How many turtles in a 20-gallon tank?

As you may know that 20-gallon tank’s dimensions are 24″ x 12″ x 16″ (L x W x H), but it is not easy to decide how many turtles can we keep in it. The answer depends upon the age and breed of the turtle and in this article, we will discuss these deciding factors in detail.

can turtles share a tank?

Yes, as long as you provide enough space for each turtle.

The recommended tank size for a single turtle is 10 gallons of water. So if you have two turtles, you would need a tank that is at least 20 gallons. You should also make sure to provide plenty of hiding spots and toys so each turtle has its own space.

The best habitat for turtles is in the wild. However, if you are looking for good habitat for turtles in captivity, there are a few things to consider. First, the enclosure should be large enough for the turtle to move around freely and comfortably. Second, the enclosure should provide plenty of places for the turtle to hide, as they like to do this in the wild. Third, the enclosure should have both land and water areas, as turtles need both to thrive. Finally, regular feeding and cleaning of the enclosure are essential to keeping your turtle healthy and happy.

Red-eared slider turtle

A red-eared turtle’s size varies from 5 to 13 inches. So if your turtle size is more than 10 inches you cannot keep two red-eared turtles in a 20-gallon tank. However, if you have planned to buy baby red-eyed turtles then you can even keep 3 to 4 red-eared turtles in a single 20-gallon tank as the baby turtles are as small as 1 inch only.

There are several factors to consider when determining how many red-eared turtles can be safely kept in a 20-gallon tank. The size of the turtles, the amount of filtration and aeration in the tank, and the overall health of the turtles all play a role in how many can be safely kept in one space. As a general rule of thumb, it is generally safe to keep one medium-sized turtle per 10 gallons of tank space. However, if you have multiple turtles or larger turtles, you may need to increase the size of your tank or decrease the number of turtles accordingly. It is also important to make sure that your tank has adequate filtration and aeration, as this will help to keep the water

Western painted turtles

Western painted turtles are smaller in size compared to red-eared turtles and they can reach up to 6 inches in length. So if you are planning to buy western-painted turtles, you can easily keep up to 3 turtles in a 20-gallon tank. However, if you are planning to buy baby western-painted turtles, then you can confidently place up to 6 turtles in a single 20-gallon tank.

Eastern box turtles

Eastern box turtles are also usually smaller in size (4 to 8 inches), so you can confidently place up to 2 turtles in a single 20-gallon tank. However, if you are planning to buy baby eastern box turtles, you can buy up to 5 to 6 turtles and keep them together in a tank. However, as they grow in size you have to separate them.

Wood turtles

This species of turtle can grow as large as 9 inches, so we advise that you should not keep more than two wood turtles in a single 20-gallon tank. However again the babies are an exception as they are quite small in size.

Musk turtles

Musk turtles are included in one of the shortest species of turtles so you can easily keep up to 3 musk turtles in a 20-gallon tank.

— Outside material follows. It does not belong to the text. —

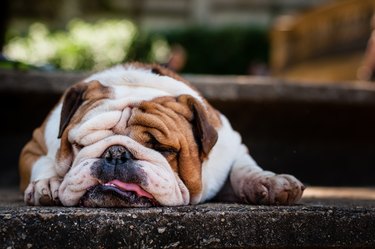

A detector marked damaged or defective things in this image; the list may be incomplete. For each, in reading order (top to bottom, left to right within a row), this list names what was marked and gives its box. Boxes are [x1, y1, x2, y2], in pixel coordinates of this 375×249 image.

cracked concrete edge [2, 69, 375, 104]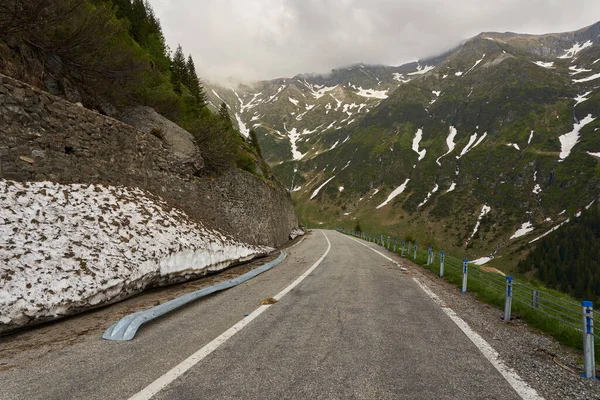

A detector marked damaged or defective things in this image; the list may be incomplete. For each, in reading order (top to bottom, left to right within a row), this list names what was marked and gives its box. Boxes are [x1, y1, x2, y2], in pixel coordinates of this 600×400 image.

There is no one answer that fits all tanks or styles of turtles. It depends on many factors, some including tank size, turtle size, number of turtles in the tank, and age of the turtles in the tank.

It depends on the type of turtle that you are talking about. For example, small turtles can be kept in relatively small tanks since they need to live in water and don’t require much mobility. Large turtles do not enjoy having their movements limited, so it is recommended to set aside a larger space for them–for extra exercise.
You will need 17 square meters per large turtle (e.g., an African side neck or Asian river turtle). The estimate includes extra space that will allow each animal 8 square meters for both living quarters and exercise areas when necessary.

We recommend purchasing smaller turtles if given the chance as they usually need less maintenance than larger turtles since they do not take up much water and food resources–making them generally cost-effective creations for any home.

Adding flowering plants to the space around the pond would greatly help oxygen levels increase throughout this large tank that houses these gorgeous turtles. Weekly water changes are necessary for this type of setup, but fortunately, they’re small enough that adults can handle them at home without any worries! Turtles like clean surroundings like their owners do whenever they spruce up their abodes – so weekly water changes are important. You can also add a turtle water conditioner to the tank to remove all the harmful chemicals and bacteria.